Plasmids are best imagined as a one-gene situation because to be honest, trying to think about the interactions of multiple genes to allow you to set up traps full of cyclones by flapping your hands at them reminds me how slightly silly writing this piece is. That one gene is likely to sit within a transposon that can then be inserted into the genome, explaining how the plasmid can be retained stably, ready to be used, in the absence of EVE.
That method of insertion also explains the DNA damage associated with high plasmid use and requirement for greater amounts of ADAM in order to maintain those plasmids. Not all of your cells would have all of the plasmids you’ve absorbed as well; you don’t have to have fixation of plasmid genes throughout the body in order for them to function. However, some ADAM will still be required to allow cells to withstand the insertion of a number of plasmids without activating cellular checkpoints that start a self-destruct mechanism.
EVE is this simplest part of this equation, but still deserves a section.
EVE allows plasmids to function and is used up when they do function, which means it is likely that it is a synthesized substrate. This substrate can be transformed into whatever the plasmid does, whether this is fire, frost, or messing with security cameras. (The more superpowery bits of Bioshock I am just dealing with the word “proteins” and a lot of hand-waving.) This is also in line with the game mechanic that uses up EVE as you use plasmids, as a substrate is used when you make proteins (think about it like baking a cake – once the cake is made you are down an egg, 500gm flour, 250 gm suga, etc. After making hand-wavey proteins, you’re down EVE).
The glowing blue of EVE is fairly easily understandable in that a synthesized protein can be attached to a fluorescent protein to keep track of it, something that is done regularly to watch where proteins go in animals or cells.

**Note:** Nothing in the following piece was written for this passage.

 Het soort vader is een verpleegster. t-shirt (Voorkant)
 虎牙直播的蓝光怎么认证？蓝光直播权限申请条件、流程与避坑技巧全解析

So, in summary, Bioshock is a very cool game that makes me a happy, happy nerd. The discussions in game surrounding the practicalities and ethics of the plasmid-ADAM-EVE system are incredibly realistic and enjoyable, and the ability to sit down and nut out a near-viable system with current biology is a great thing to be able to do with any computer game. There’s also some great discussion of genetic determinism, and I thoroughly recommend it as a game.
1. Andreazza, Ana Cristina, Benicio Noronha Frey, Bernardo Erdtmann, Mirian Salvador, Fernanda Rombaldi, Aida Santin, Carlos Alberto Gonçalves, and Flavio Kapczinski. “DNA damage in bipolar disorder.” Psychiatry research 153, no. 1 (2007): 27-32.